I spent Friday night shooting the shit with my friend at his house in Brighton. Literally, in fact, we got a shotgun and shot a poo. Actually that is a lie. Although we did discuss bowel movements. Stop trying to weedle your way into my social life, you voyeur.

This meant a walk to the station on Saturday. And what an eventful walk it was! Especially if, like me, you are able to conjure scandal and intrigue out of the smallest nugget of happenstance. If you are dangerously paranoid, in other words.

The first thing that happened was that a man with a folder and clearly in more of a hurry than I was passed me in York Place. We then ended up side by side once again at the crossing, but he of course ended up ahead once more when the walking resumed. I had some business to attend to in the North Laine, which if you do not know Brighton is a little warren of narrow streets just south of the station, packed with independent shops and the sort of cool people who patronise independent shops. So, being pretty au fait with the old topography, I cut through the back streets to get there. As the streets get narrower, it's less and less likely that there'll be a great deal of foot traffic.

But here I was, in a not-especially packed Gloucester Road and I was still just behind Folder Man. This was beginning to get suspicious. As the streets get smaller, the more unlikely it would be that two people would both be following the exact same route.

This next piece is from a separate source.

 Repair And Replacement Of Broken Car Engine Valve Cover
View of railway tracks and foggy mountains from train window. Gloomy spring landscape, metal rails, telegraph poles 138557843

What could it mean?

Naturally, I ended up stood on the roof of a nearby parked car, shirtless, screaming "I AM NOT FOLLOWING YOU, I AM NOT AN ASSASSIN" with tear-flecked cheeks.

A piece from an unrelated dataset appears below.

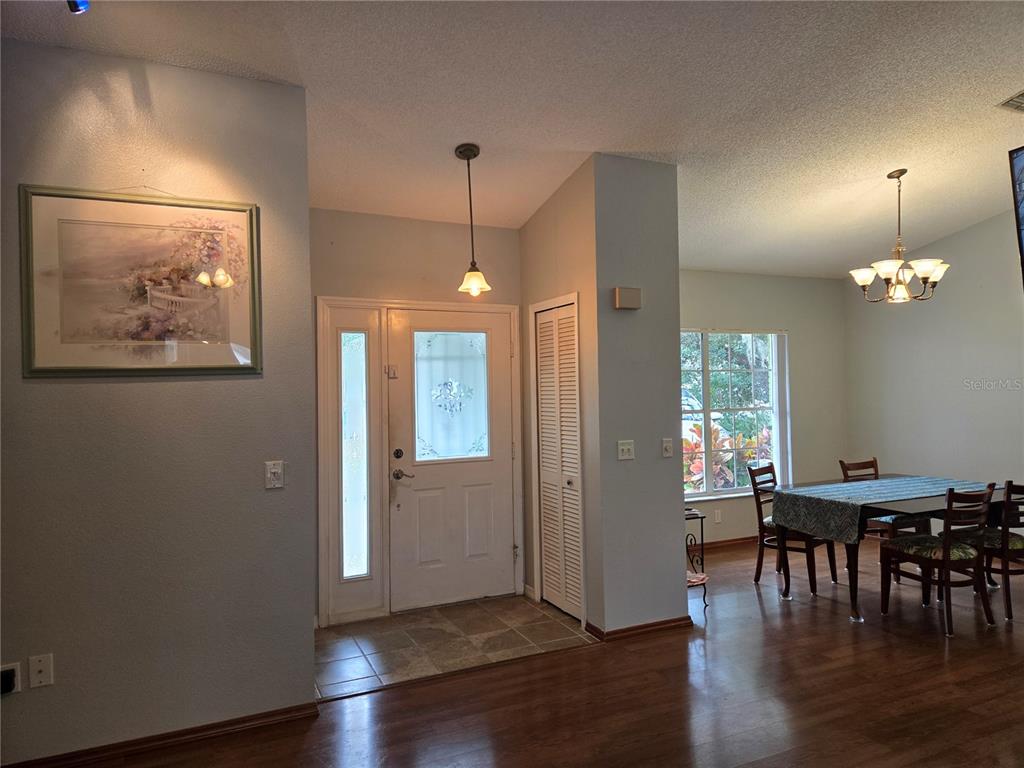 An entryway with a front door, tile flooring, and an adjacent dining area with wood floors — 7605 LANDMARK DRIVE, SPRING HILL, FL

Later, I saw a dog trying to fellate another dog in the gardens at the corner of Church Street and Queen's Road.

2 comments:

Chris O said...

I can safely say nothing like that has ever happened to me in Dagenham. It generally lacks the sense of mystery and intrigue that Brighton's back streets offers.

That said, Dagenham generally lacks everything the human soul craves if you have any sense of ambition about you.

dotmund said...

My only ambition was to see dogs perform oral sex on each other.